Yes, you can hunt coyote over bait. If you are a trapper, however, please be reminded that the use of game animals (rabbits, grouse, deer, etc) as bait for trapping is prohibited.

Yes, for hunting purposes road killed animals may be used for bait. If you take possession, move or transport a road killed deer or bear carcass, a road killed permit must be acquired. The permit can be obtained from any law enforcement agency. A permit would not be required to simply hunt over a deer or bear carcass where it is found in the woods. Other road killed animals may be picked up only if the season is open and you have the appropriate license to possess the animal.

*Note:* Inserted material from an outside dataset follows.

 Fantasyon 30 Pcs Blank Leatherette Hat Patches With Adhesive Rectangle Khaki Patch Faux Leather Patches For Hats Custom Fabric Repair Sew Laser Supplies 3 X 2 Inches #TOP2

The carcass in question is from a left over Deer shot legally and using that remains as Bait. Which I believe IS legal. I just haven't found the Regulation regarding that.

Mitch


----------



## Mitchell Ulrich (Sep 10, 2007)

I think I found the answer!

I don't believe that there is much of a difference between buthcered livestock and a processed Deer. Regardles of what month of the year.

Mitch

Coyote hunting, road killed deer, livestock, bait - Legal to use?







Question ---- 09/30/2002 06:47 PM ---------------------------------------------
If I get a permit for a road killed deer, can I use it for baiting in coyotes and hunting over the bait? If not, can I use dead livestock as bait to hunt coyotes?







Answer At 10/03/2002 08:46 AM we wrote - 

Both are legal for hunting coyotes.


----------



## retubjb (Sep 18, 2008)

According to the hunting/trapping guide, game animals can be used for bait during their open seasons.

Bait​Trappers may use game animals and game birds or their parts, lawfully taken and possessed, only during the open season for those animals or birds. No other game or protected animals or birds may be used as bait. Your bait should be placed where it is not visible to nontarget species such as owls, hawks and eagles.​


----------



## 22 Chuck (Feb 2, 2006)

Deer season is not open now.

The wording quoted apparently was changed this year. Has been discussion on this and other sites.

Maybe the CO will set us straight. Maybe we need to get the rule changed..


----------



## grouly925 (Dec 6, 2006)

I made the comment in the other post based on information I've seen here as well as the above excerpt from the hunting guide. The way it sounds, it would be illegal.


----------



## JWICKLUND (Feb 13, 2005)

The law does not prohibit a person from using the carcasses and parts thereof of game animals or game birds, lawfully taken and possessed during their open season, as bait for trapping. 
The car deer permit was initially issued for an individual to salvage the meat of a deer or bear for consumption. It has since evolved into what we have now. Guys tying them to trees or staking them down and hunting animals over them. As long as the individual can produce a permit upon request, a legally obtained car killed deer can be used for bait as an aid in predator hunting.​


----------